Projections are designed to be the median outcome from a theoretical list of outcomes, with each outcome assigned some probability of occurring. They aren’t claiming to be the exact outcome of what they predict.

The Giants in 2017, for example, likely performed at a level that was assumed to have a 1 or 2% change of happening. Incredibly unlikely, but it happens. Someone wins the lottery each time, despite the incredibly long odds.

tung_twista
Member
tung_twista

There is this one other thing.
Assume that a deviation from the projection such as 2017 Giants has 1% probability.
The problem is that there are 30 teams.
Assuming that the deviation are independent (which is semi-justifiable),
in any given year, there is 26% chance that at least one of the teams would give such an “unlikely” outcome.

There is a massive difference between the probability that a particular team under/overperforming a lot and at least one team under/overperforming.

DBA455
Member
Member
DBA455

Stating the obvious here, but the accuracy of the projections is complicated by in-forecastable things like sequencing.

IE, if I gave you the stats for every player on each team, you’d have error bars on runs scored/allowed. And even if you had that, you’d still have error bars around wins and losses.

Joser
Member
Joser

Sure, but there’s no forecasting which one of the 30 teams is going to achieve the 1% outcome. If you asked that question before the season, the only reasonable answer is “probably none of them.” The fact that one of them does in maybe a quarter of the seasons doesn’t change that.

And the deviations aren’t independent.

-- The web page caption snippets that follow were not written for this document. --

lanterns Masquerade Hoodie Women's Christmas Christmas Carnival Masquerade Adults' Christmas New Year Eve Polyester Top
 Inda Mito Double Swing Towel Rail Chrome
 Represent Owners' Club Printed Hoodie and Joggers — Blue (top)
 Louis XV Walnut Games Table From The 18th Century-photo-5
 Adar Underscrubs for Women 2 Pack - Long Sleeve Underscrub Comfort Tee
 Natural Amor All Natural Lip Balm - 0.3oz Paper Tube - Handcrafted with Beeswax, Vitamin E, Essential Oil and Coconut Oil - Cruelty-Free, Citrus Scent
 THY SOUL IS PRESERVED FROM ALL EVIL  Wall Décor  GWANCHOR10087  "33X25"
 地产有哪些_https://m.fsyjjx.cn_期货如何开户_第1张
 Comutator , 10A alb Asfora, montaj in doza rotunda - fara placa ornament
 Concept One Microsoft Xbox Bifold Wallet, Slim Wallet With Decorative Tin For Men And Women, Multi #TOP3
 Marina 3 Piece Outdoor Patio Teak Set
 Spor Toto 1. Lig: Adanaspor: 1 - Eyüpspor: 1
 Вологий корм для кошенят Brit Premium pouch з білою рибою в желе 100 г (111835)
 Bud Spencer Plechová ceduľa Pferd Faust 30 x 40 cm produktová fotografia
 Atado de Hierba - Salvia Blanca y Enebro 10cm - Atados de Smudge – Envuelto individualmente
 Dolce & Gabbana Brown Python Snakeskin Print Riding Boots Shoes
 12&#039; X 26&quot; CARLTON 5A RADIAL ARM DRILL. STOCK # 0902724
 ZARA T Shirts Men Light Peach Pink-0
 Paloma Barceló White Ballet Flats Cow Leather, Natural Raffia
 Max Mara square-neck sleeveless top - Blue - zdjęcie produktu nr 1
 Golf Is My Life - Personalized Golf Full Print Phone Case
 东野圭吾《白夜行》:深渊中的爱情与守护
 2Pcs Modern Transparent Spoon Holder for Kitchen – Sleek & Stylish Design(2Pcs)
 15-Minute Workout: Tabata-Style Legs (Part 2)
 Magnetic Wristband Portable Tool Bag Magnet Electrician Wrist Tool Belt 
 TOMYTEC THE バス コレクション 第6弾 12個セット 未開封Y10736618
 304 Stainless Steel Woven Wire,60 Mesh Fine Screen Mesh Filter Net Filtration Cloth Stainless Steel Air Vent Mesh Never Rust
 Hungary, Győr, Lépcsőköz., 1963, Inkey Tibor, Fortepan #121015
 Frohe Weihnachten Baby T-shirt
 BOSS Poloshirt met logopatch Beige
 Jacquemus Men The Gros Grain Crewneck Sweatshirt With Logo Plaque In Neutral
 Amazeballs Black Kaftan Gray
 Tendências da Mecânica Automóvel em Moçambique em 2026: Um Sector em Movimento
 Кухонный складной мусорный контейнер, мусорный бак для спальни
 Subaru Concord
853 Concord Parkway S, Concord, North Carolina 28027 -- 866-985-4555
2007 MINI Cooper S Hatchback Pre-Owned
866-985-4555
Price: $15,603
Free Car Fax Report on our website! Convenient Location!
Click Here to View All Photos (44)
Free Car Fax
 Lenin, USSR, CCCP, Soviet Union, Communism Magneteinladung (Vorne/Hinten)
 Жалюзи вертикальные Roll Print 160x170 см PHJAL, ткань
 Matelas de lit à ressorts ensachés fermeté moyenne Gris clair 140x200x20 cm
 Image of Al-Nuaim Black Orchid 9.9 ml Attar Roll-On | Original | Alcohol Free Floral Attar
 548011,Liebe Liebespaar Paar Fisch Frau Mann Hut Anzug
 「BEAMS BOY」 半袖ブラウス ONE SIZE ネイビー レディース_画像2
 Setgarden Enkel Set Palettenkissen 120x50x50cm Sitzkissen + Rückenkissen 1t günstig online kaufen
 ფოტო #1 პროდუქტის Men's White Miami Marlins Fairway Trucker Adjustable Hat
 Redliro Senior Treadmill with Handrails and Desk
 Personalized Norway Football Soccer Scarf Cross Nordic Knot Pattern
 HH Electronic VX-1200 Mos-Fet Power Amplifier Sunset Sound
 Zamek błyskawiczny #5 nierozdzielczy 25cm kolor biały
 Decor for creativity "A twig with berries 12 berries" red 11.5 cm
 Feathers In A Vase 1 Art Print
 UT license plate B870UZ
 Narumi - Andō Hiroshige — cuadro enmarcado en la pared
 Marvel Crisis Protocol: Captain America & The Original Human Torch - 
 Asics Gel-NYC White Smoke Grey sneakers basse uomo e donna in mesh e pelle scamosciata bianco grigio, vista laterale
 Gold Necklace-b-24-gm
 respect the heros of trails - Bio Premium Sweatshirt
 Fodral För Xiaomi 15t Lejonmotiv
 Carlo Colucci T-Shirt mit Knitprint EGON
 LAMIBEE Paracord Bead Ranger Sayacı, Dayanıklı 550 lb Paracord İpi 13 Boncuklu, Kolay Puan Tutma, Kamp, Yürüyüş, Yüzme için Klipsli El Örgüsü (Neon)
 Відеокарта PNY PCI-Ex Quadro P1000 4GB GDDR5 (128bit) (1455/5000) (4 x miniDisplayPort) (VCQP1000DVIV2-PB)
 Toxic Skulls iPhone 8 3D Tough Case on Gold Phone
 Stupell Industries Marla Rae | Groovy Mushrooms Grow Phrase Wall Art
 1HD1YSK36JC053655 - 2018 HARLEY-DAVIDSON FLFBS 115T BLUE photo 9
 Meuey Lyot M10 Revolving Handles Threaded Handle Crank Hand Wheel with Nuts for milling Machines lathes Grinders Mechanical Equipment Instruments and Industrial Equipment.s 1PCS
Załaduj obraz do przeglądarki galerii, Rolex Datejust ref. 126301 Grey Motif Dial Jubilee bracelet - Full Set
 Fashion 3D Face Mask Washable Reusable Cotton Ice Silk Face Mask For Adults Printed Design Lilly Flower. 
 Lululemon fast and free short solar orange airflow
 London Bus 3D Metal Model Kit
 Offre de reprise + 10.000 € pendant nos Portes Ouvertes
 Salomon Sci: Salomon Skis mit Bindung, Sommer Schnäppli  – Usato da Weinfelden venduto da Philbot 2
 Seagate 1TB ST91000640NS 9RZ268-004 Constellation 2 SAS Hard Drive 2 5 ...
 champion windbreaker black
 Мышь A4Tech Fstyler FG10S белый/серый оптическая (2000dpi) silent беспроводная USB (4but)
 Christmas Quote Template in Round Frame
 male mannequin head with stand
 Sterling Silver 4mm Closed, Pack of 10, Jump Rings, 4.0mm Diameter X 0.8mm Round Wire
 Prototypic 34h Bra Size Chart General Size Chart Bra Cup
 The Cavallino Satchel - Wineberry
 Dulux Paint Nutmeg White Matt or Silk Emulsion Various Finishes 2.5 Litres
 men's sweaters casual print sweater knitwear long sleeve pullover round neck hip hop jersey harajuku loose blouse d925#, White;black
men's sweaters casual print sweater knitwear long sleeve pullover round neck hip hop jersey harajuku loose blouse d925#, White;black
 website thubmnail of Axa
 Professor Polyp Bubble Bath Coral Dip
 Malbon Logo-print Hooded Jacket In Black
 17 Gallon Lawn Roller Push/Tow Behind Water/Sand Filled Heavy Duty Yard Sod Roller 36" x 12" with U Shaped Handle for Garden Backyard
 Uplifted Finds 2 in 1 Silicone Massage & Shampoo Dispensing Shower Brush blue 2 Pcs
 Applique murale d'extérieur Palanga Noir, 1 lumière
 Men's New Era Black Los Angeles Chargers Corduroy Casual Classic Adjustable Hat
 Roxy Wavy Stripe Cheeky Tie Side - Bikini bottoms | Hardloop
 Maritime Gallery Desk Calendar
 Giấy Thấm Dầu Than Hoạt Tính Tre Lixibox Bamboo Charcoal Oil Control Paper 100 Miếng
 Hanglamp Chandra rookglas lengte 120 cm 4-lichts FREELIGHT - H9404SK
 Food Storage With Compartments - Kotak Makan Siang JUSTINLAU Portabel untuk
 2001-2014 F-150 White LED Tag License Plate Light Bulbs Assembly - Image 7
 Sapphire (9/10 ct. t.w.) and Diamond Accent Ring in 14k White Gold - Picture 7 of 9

When one team loses a lot, the corresponding wins go elsewhere. That changes what teams do in the middle of the season. Teams that might have sat pat at the trade deadline go all in. Others that might have sat pat at the trade deadline decide to sell. This is part of the reason the spread at the end of the season is always much greater than the projections could reasonably suggest.

bunslow
Member
bunslow

I sometimes wish projections were presented as the entire probability distribution for the team, instead of just whittling it down to a “mean” that isn’t anywhere near as informative or useful.